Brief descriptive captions
====
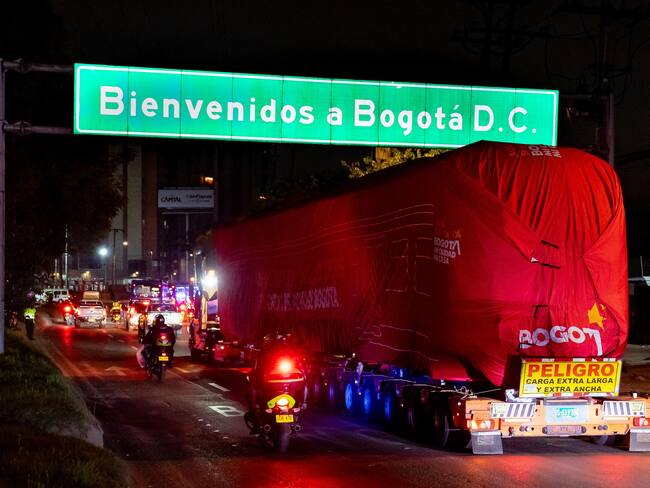 Llegaron los vagones del metro a Bogotá. Foto: Alcaldía de Bogotá.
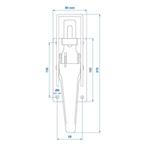 ProPlus Spansluiting voor trailers - verzinkt - 270 x 80..., Ophalen of Verzenden, Nieuw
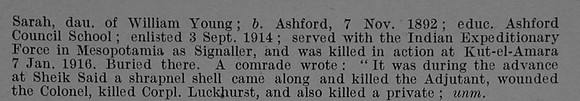 Luckhurst H Cpl 1638 5th East Kent Regiment Obit Part 2 De Ruvignys Roll Of Honour Vol 4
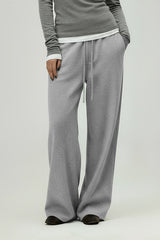Women Relaxed Mid-Rise Wide-Leg Banana Pants - Lyocell Air Layer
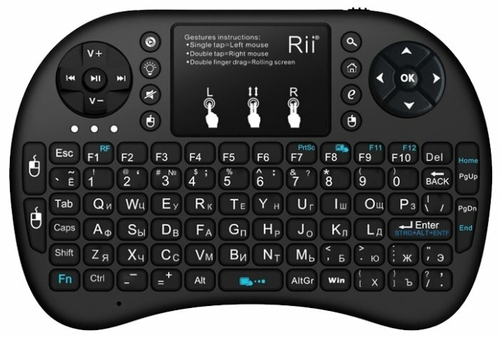 Клавиатура Rii RT-MWK08 Black USB ТЕХНО 
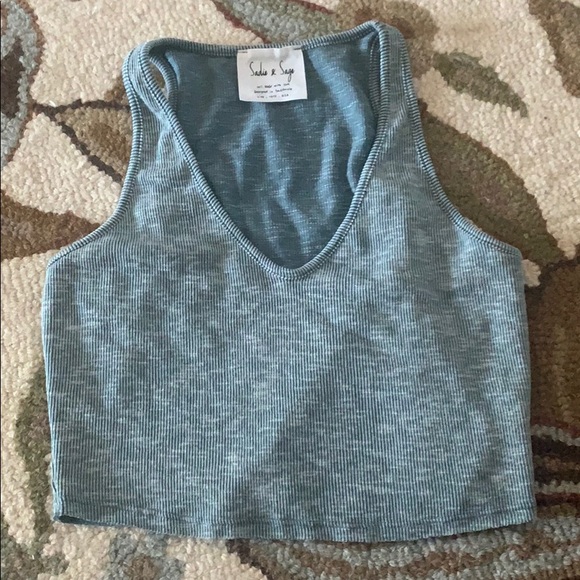 Sadie & Sage Tops - Sadie & Sage ribbed crop top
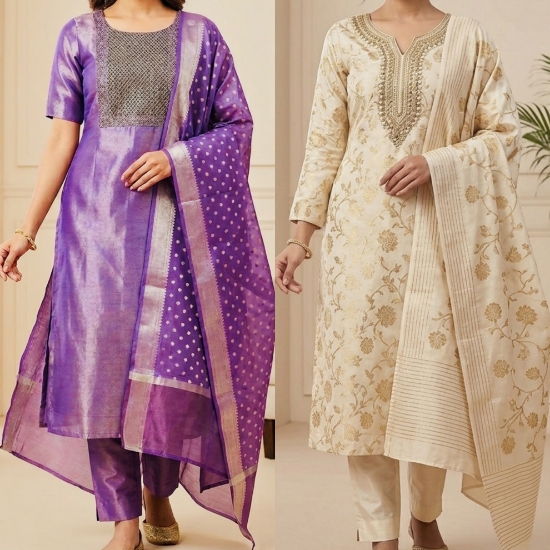 Picture of Combo : Pure Tissue 3 Pc Straight Suit Sets 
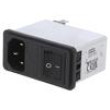 Konektor: napájecí AC zásuvka vidlice 6A 250VAC -25÷85°C 1MΩ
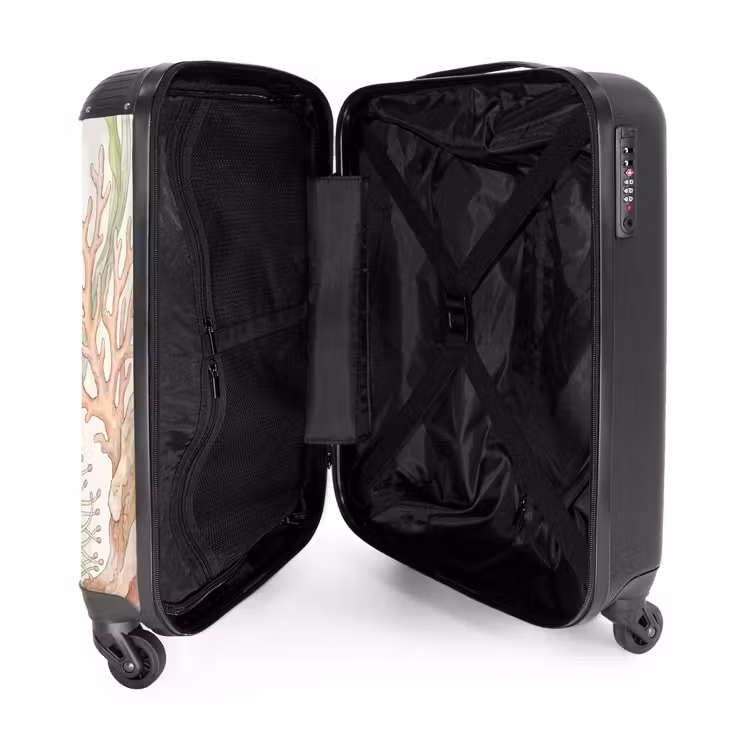 Suitcase - Marine Life - Coral - Underwater - Illustration - Colorful — 3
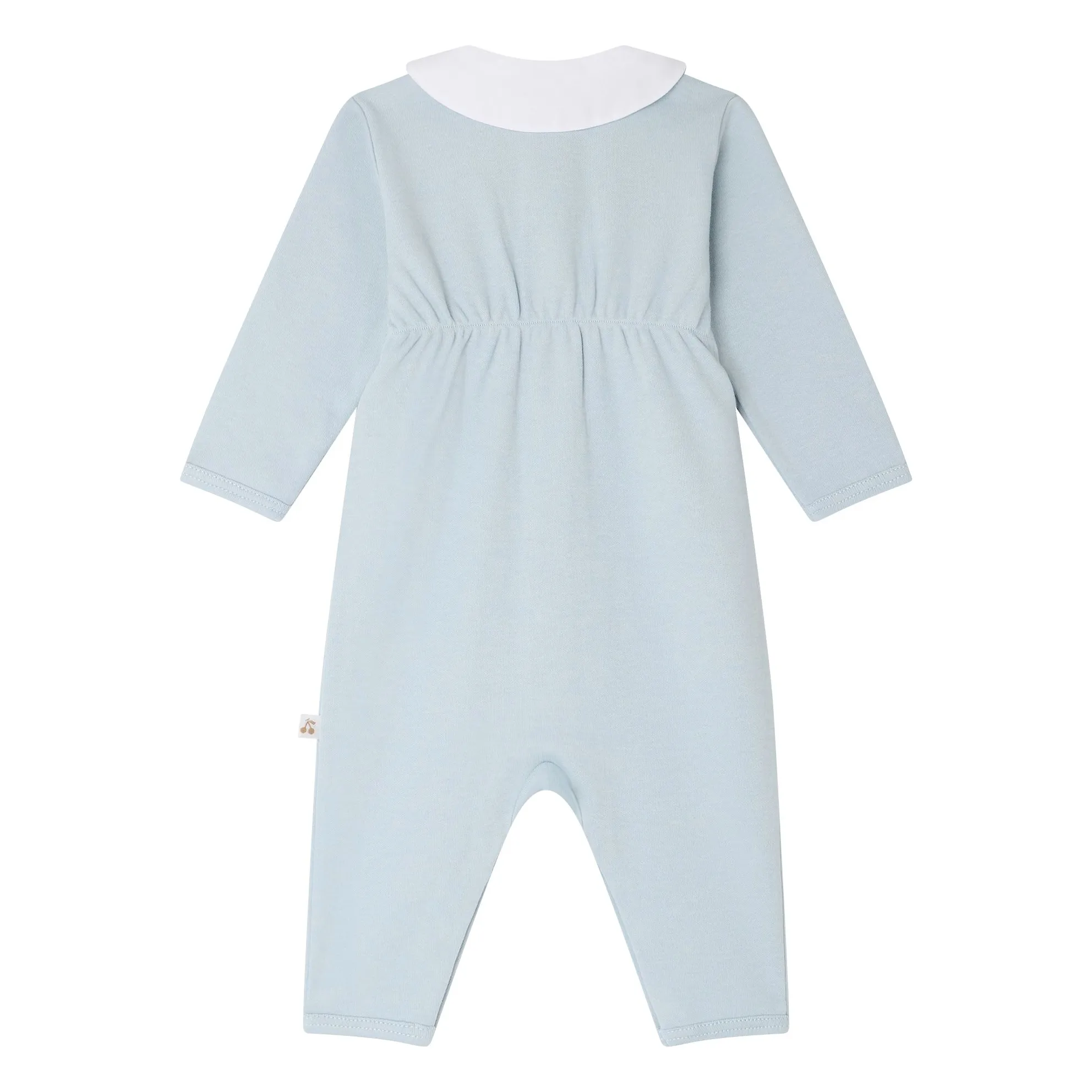 Pyjama Anton Coton Bio | Bleu ciel- Image produit n°2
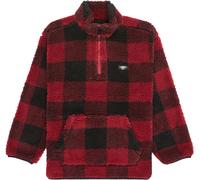 Quiksilver - Polaire en sherpa à demi-zip - Mercury Woodlands Sherpa Youth Woodlands Biking Red - Taille 14 ans - Rouge Rouge 14 ans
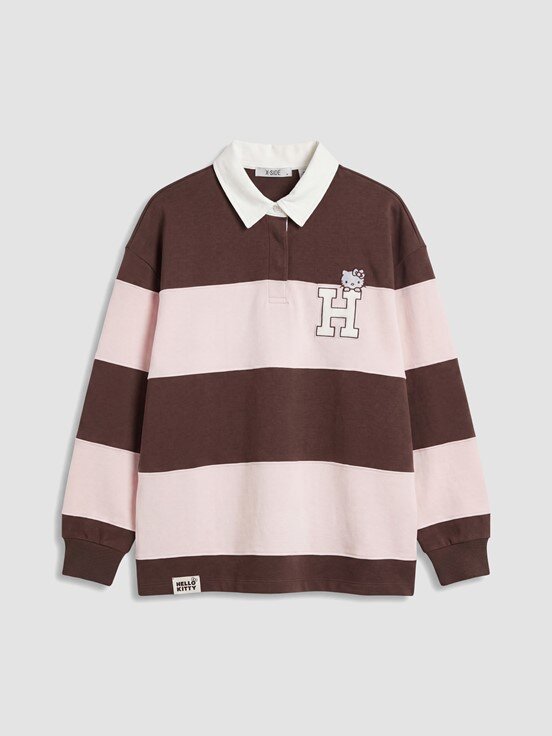 Sweatshirt KAHVERENGİ ÇİZGİLİ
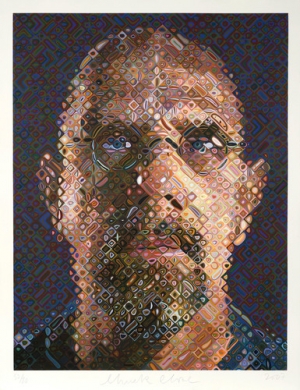 &quot;Self-Portrait&#039;&#039; (2007) by Chuck Close will be part of &quot;Artists for Haiti&#039;&#039; charity auction at Christie&#039;s, with an estimate of $70,000-$100,000. 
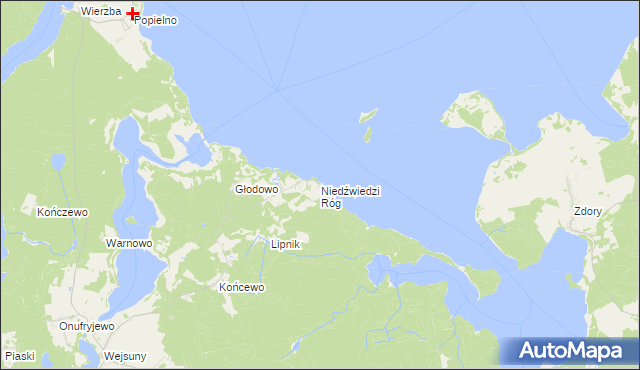 mapa Niedźwiedzi Róg, Niedźwiedzi Róg na mapie Targeo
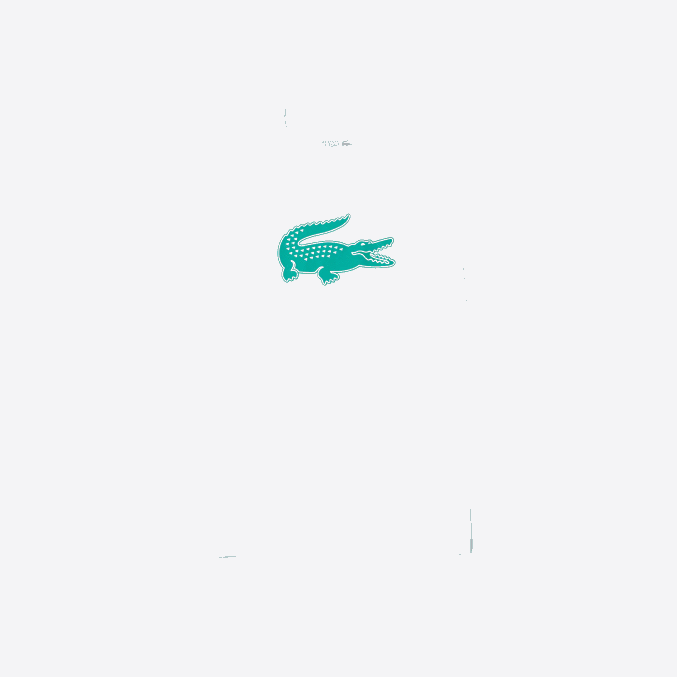 blanco verde w1j VVL0A745 hombres Lacoste Camiseta deportiva de punto transpirable con estampado de cocodrilo en 3D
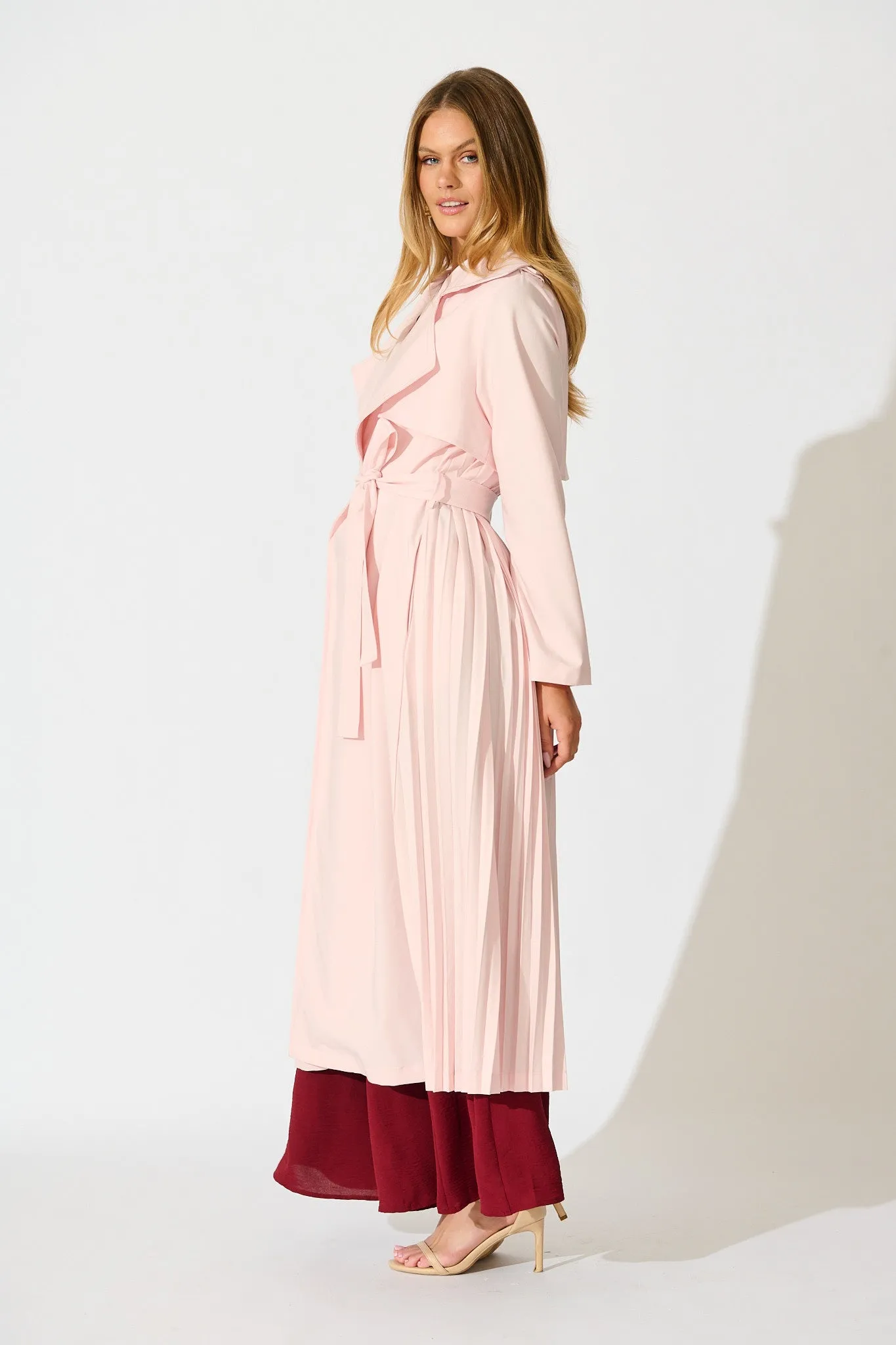 Captivating Trench Coat in Blush sold by St Frock product image thumbnail 5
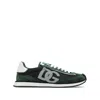 Dolce & Gabbana Multicolor Suede And Mesh Dg Aria Sneakers In Green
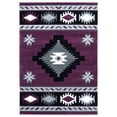 thumbnail image 3 of United Weavers Drachma Volos Southwestern Geometric Area Rug, Plum, 7'10" x 7'10", 3 of 5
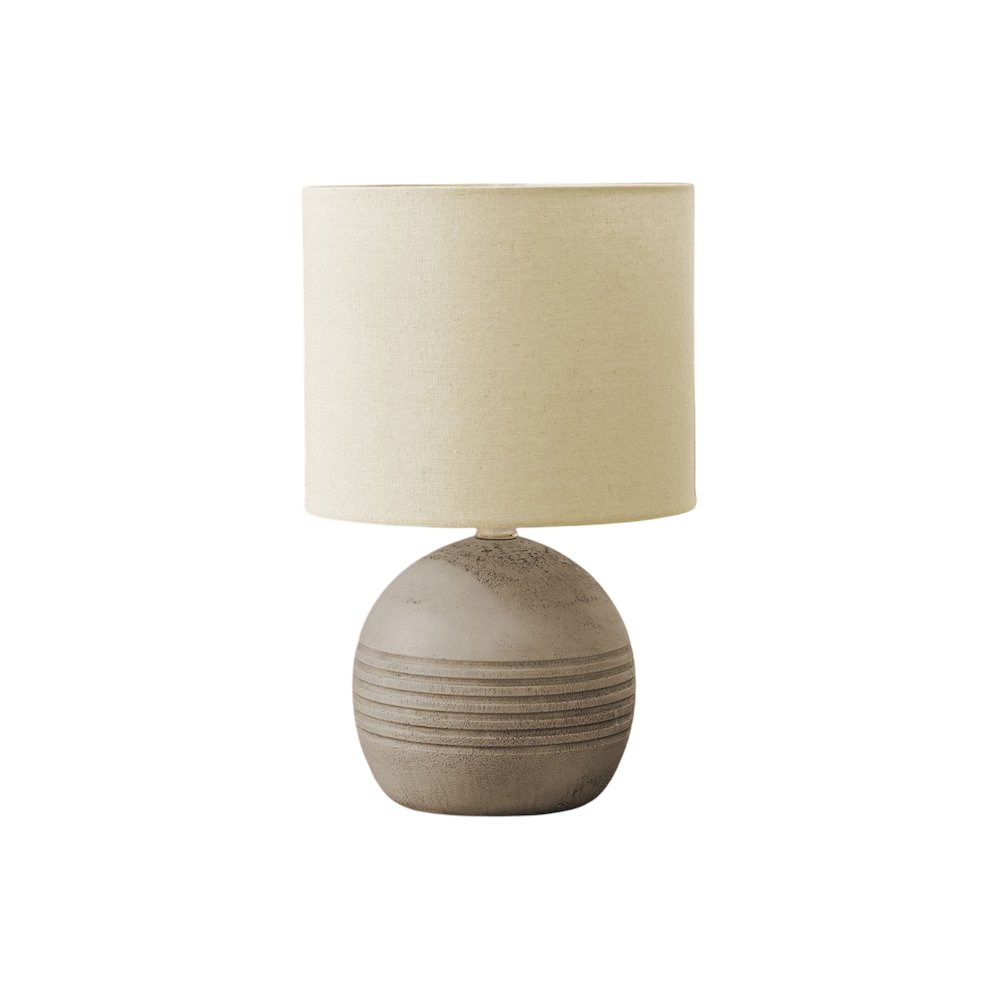 Geralyn - Lighting 15"H Table Lamp Beige Resin Beige Shade Contemporary Modern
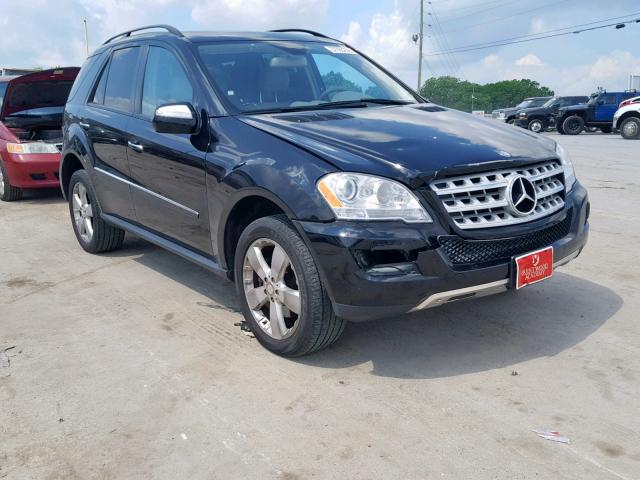 4JGBB86E09A497008 - 2009 MERCEDES-BENZ ML 350 BLACK photo 1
====
- **Problem**
Exactly as they appear, please return only the lines from the first line of the records through the line containing "Picture of Combo", both included, leaving out all pictures.

- **Your response**
 Llegaron los vagones del metro a Bogotá. Foto: Alcaldía de Bogotá.
 ProPlus Spansluiting voor trailers - verzinkt - 270 x 80..., Ophalen of Verzenden, Nieuw
 Luckhurst H Cpl 1638 5th East Kent Regiment Obit Part 2 De Ruvignys Roll Of Honour Vol 4
Women Relaxed Mid-Rise Wide-Leg Banana Pants - Lyocell Air Layer
 Клавиатура Rii RT-MWK08 Black USB ТЕХНО 
 Sadie & Sage Tops - Sadie & Sage ribbed crop top
 Picture of Combo : Pure Tissue 3 Pc Straight Suit Sets 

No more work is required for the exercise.